Repeat the first line of the listing and each line after it, exactly, through the line containing "Extintores Decorativo Porta".
★ ★ ★ ★ ★
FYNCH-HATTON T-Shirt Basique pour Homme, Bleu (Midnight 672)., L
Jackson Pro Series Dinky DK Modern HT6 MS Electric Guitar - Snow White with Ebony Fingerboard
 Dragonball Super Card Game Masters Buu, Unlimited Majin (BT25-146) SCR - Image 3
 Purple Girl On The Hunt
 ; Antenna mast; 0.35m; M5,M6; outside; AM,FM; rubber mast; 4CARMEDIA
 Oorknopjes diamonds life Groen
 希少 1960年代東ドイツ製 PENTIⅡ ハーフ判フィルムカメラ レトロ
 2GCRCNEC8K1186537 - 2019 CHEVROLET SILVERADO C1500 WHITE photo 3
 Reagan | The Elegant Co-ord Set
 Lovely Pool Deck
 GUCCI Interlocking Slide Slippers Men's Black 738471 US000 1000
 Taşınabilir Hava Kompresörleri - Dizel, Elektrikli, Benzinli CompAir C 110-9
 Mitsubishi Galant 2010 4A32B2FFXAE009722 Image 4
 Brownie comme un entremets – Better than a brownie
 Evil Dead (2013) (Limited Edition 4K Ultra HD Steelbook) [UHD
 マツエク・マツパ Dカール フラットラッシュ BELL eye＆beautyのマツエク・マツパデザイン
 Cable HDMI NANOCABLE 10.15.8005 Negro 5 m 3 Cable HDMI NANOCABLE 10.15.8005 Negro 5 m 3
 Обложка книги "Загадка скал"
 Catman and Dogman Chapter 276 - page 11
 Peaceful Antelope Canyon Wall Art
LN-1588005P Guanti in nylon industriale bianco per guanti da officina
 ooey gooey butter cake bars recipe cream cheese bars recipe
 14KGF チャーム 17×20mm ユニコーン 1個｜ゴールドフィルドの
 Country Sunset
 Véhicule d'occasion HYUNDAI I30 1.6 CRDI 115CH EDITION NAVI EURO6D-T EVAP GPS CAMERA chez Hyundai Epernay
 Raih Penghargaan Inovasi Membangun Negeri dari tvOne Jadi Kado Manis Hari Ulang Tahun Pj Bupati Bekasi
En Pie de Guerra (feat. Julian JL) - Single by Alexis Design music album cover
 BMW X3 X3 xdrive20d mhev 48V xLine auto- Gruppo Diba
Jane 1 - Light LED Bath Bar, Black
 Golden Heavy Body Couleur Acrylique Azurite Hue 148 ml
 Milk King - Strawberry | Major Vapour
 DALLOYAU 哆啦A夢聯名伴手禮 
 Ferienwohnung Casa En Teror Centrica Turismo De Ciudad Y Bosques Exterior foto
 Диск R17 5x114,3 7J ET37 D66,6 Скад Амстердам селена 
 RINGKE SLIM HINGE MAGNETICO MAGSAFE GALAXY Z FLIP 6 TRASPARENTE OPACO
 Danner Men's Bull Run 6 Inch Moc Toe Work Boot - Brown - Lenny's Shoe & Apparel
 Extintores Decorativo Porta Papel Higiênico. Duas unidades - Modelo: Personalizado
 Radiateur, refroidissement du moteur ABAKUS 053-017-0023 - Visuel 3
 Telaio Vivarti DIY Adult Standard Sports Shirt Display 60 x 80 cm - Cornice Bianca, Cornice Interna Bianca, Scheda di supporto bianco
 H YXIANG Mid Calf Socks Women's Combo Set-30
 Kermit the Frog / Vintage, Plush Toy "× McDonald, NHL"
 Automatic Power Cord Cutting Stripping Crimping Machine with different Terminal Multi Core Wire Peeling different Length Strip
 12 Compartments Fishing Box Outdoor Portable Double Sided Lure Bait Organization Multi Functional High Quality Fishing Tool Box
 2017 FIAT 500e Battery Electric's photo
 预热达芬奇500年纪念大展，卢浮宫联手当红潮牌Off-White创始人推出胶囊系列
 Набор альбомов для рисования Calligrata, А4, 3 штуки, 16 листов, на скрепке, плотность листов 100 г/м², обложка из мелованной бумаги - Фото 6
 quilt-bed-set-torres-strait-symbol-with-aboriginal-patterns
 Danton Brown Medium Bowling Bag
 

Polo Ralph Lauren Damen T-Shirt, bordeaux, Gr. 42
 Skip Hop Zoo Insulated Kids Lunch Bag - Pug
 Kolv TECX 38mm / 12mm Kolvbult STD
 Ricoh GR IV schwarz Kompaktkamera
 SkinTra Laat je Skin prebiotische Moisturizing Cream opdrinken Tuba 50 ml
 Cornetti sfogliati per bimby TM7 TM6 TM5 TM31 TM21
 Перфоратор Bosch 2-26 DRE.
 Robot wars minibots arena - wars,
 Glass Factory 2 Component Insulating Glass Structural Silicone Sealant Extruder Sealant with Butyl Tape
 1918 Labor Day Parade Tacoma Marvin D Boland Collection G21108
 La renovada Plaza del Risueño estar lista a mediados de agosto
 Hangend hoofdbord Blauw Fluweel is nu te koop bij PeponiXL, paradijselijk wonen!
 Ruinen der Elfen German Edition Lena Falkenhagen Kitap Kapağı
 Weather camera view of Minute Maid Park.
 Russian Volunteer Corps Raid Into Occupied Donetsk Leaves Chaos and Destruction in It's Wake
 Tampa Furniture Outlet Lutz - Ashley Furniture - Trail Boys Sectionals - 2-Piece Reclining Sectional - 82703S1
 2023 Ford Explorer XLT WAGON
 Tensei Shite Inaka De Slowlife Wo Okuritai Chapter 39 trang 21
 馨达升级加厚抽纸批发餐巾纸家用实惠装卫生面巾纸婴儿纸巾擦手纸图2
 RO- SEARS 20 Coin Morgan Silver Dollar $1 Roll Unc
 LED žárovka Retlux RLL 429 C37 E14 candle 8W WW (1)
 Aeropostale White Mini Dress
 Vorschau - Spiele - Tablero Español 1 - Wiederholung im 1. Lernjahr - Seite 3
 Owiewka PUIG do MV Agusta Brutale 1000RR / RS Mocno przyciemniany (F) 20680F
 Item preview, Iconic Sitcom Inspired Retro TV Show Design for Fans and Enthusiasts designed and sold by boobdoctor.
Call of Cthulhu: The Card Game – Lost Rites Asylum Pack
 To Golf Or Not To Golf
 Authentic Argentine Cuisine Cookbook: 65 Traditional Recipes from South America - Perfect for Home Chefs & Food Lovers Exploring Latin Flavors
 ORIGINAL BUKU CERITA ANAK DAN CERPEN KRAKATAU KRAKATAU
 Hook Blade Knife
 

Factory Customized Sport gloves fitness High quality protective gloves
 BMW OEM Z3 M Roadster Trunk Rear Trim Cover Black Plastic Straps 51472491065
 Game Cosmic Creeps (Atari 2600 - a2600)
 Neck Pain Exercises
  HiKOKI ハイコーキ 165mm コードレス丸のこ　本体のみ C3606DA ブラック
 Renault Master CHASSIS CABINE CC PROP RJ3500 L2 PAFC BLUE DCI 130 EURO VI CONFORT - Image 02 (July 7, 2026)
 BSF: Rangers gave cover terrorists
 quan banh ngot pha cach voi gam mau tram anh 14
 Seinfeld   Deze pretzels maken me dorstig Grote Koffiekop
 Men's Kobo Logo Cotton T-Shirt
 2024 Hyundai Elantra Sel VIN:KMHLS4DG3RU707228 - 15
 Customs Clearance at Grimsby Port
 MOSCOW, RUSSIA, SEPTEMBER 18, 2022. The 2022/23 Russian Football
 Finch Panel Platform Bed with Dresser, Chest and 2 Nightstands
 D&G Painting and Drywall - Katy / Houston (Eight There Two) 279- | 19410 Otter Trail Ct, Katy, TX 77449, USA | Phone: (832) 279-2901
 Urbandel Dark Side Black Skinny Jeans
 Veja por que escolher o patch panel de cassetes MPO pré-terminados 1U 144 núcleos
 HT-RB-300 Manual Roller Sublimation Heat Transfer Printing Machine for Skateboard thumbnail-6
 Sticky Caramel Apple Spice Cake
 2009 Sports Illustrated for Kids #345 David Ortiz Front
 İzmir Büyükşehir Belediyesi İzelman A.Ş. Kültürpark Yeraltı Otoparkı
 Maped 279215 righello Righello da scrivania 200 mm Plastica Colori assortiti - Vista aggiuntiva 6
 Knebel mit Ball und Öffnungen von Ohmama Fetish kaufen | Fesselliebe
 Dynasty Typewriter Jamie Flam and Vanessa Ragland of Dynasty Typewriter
★ ★ ★ ★ ★
Output:
FYNCH-HATTON T-Shirt Basique pour Homme, Bleu (Midnight 672)., L
Jackson Pro Series Dinky DK Modern HT6 MS Electric Guitar - Snow White with Ebony Fingerboard
 Dragonball Super Card Game Masters Buu, Unlimited Majin (BT25-146) SCR - Image 3
 Purple Girl On The Hunt
 ; Antenna mast; 0.35m; M5,M6; outside; AM,FM; rubber mast; 4CARMEDIA
 Oorknopjes diamonds life Groen
 希少 1960年代東ドイツ製 PENTIⅡ ハーフ判フィルムカメラ レトロ
 2GCRCNEC8K1186537 - 2019 CHEVROLET SILVERADO C1500 WHITE photo 3
 Reagan | The Elegant Co-ord Set
 Lovely Pool Deck
 GUCCI Interlocking Slide Slippers Men's Black 738471 US000 1000
 Taşınabilir Hava Kompresörleri - Dizel, Elektrikli, Benzinli CompAir C 110-9
 Mitsubishi Galant 2010 4A32B2FFXAE009722 Image 4
 Brownie comme un entremets – Better than a brownie
 Evil Dead (2013) (Limited Edition 4K Ultra HD Steelbook) [UHD
 マツエク・マツパ Dカール フラットラッシュ BELL eye＆beautyのマツエク・マツパデザイン
 Cable HDMI NANOCABLE 10.15.8005 Negro 5 m 3 Cable HDMI NANOCABLE 10.15.8005 Negro 5 m 3
 Обложка книги "Загадка скал"
 Catman and Dogman Chapter 276 - page 11
 Peaceful Antelope Canyon Wall Art
LN-1588005P Guanti in nylon industriale bianco per guanti da officina
 ooey gooey butter cake bars recipe cream cheese bars recipe
 14KGF チャーム 17×20mm ユニコーン 1個｜ゴールドフィルドの
 Country Sunset
 Véhicule d'occasion HYUNDAI I30 1.6 CRDI 115CH EDITION NAVI EURO6D-T EVAP GPS CAMERA chez Hyundai Epernay
 Raih Penghargaan Inovasi Membangun Negeri dari tvOne Jadi Kado Manis Hari Ulang Tahun Pj Bupati Bekasi
En Pie de Guerra (feat. Julian JL) - Single by Alexis Design music album cover
 BMW X3 X3 xdrive20d mhev 48V xLine auto- Gruppo Diba
Jane 1 - Light LED Bath Bar, Black
 Golden Heavy Body Couleur Acrylique Azurite Hue 148 ml
 Milk King - Strawberry | Major Vapour
 DALLOYAU 哆啦A夢聯名伴手禮 
 Ferienwohnung Casa En Teror Centrica Turismo De Ciudad Y Bosques Exterior foto
 Диск R17 5x114,3 7J ET37 D66,6 Скад Амстердам селена 
 RINGKE SLIM HINGE MAGNETICO MAGSAFE GALAXY Z FLIP 6 TRASPARENTE OPACO
 Danner Men's Bull Run 6 Inch Moc Toe Work Boot - Brown - Lenny's Shoe & Apparel
 Extintores Decorativo Porta Papel Higiênico. Duas unidades - Modelo: Personalizado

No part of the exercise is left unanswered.